Tok, Ö, KİŞİoĞlu, SV, ErsÖz, HÖ, Kahvecİ, B, GÖktaŞ, Z
The Journal of sports medicine and physical fitness. 2021;(2):287-293
Abstract
BACKGROUND The majority of prediabetic people are overweight and weight loss is still the most effective treatment strategy. The aim of this study was to evaluate the effects of short-term exercise and/or diet on weight loss and clinical parameters in subjects with insulin resistance (IR). METHODS A total of 60 subjects (BMI≥25.0 kg/m2) were included in the study. Subjects divided into two groups as follows: diet only (DI, N.=27) and diet and exercise (DEI, N.=27). DI group received an energy restricted diet program, while DEI group received a diet combined with an exercise program for four weeks. Anthropometric measurements and biochemical parameters were assessed at baseline and at the end.

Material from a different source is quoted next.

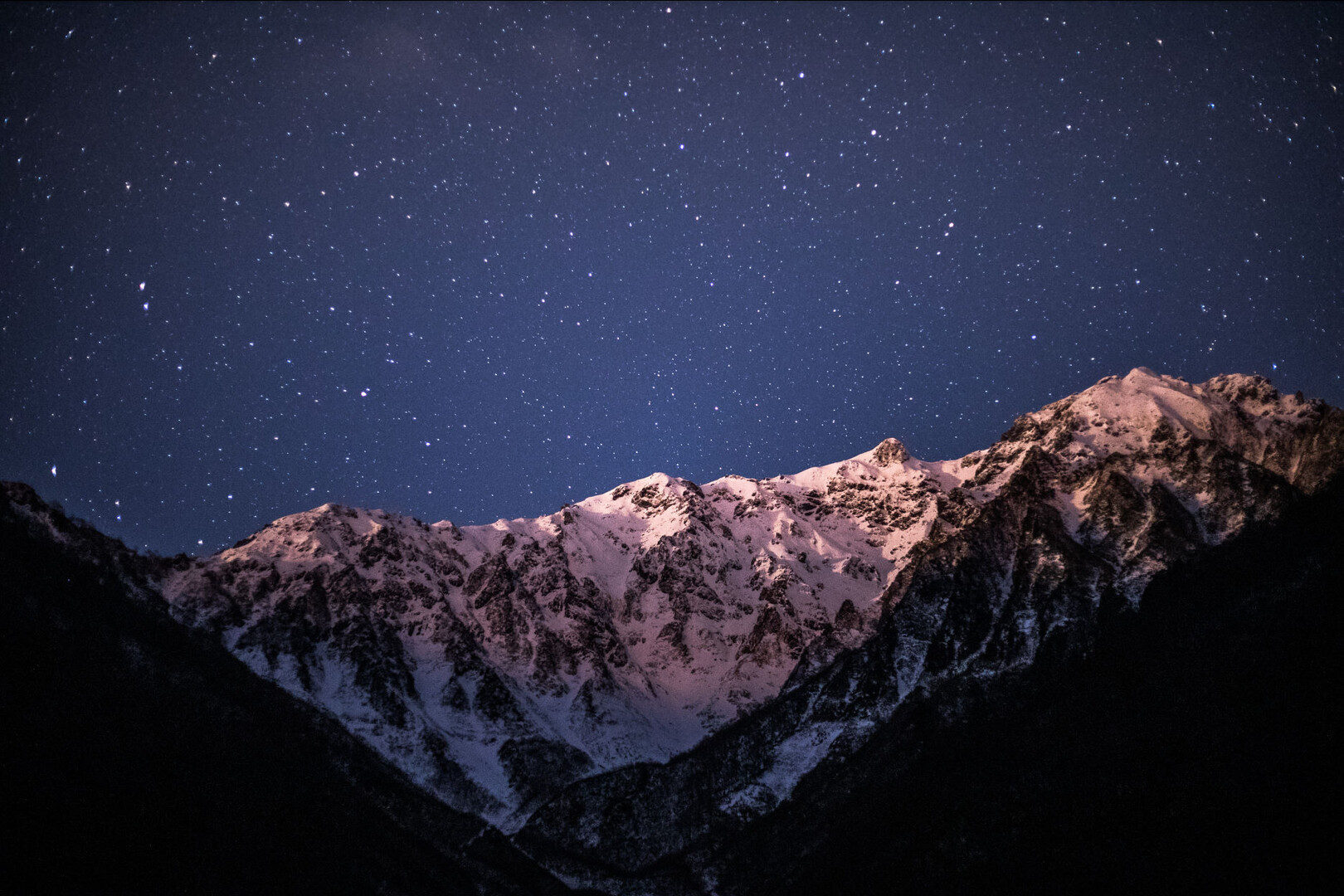 一之倉沢星空撮影沢ルート経由19 11 15 うみぼうづさんの谷川岳 七ツ小屋山 大源太山の活動データ Yamap ヤマップ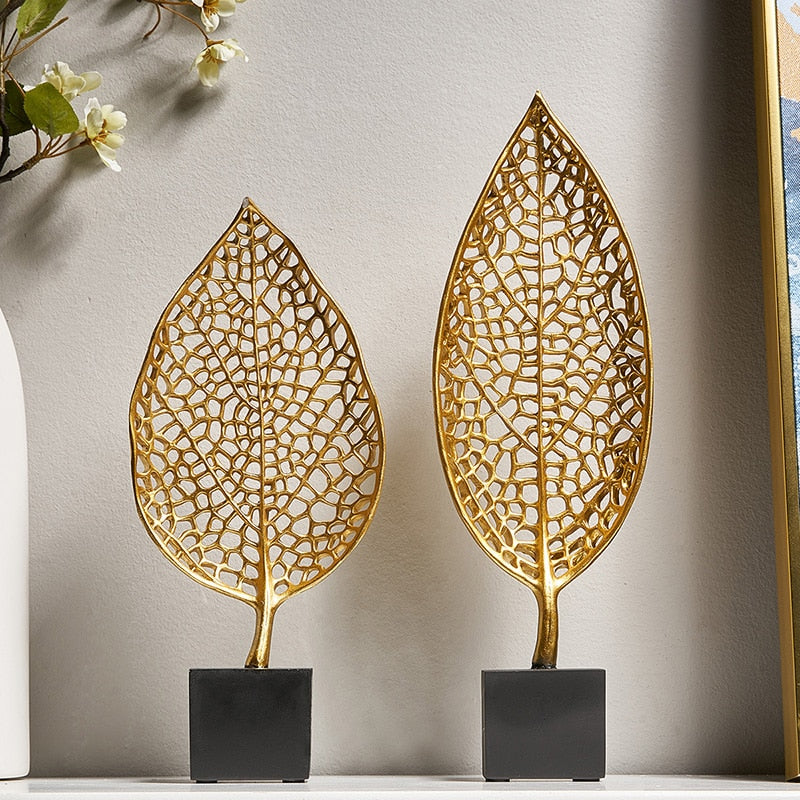 Nordic Style Leaf Ornament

RESULTS Total body weight (BW) loss was 2.3 kg (2.5%) in DI group and 3.0 kg (3.2%) in DEI group at the end of four weeks. Fasting blood glucose (FBG) levels decreased significantly in DEI group (P=0.021). However, the reductions in FBG levels were mild and not statistically significant in DI group (P>0.05). Total cholesterol and LDL-c levels reduced in both groups, while triglyceride levels significantly decreased only in DI group (P<0.05). CONCLUSIONS Short-term lifestyle interventions have beneficial effects on weight loss and clinical parameters associated with glucose control and lipid profile in subjects with IR. Even small changes in BW (loss of <5% of initial BW) have a positive impact on clinical parameters.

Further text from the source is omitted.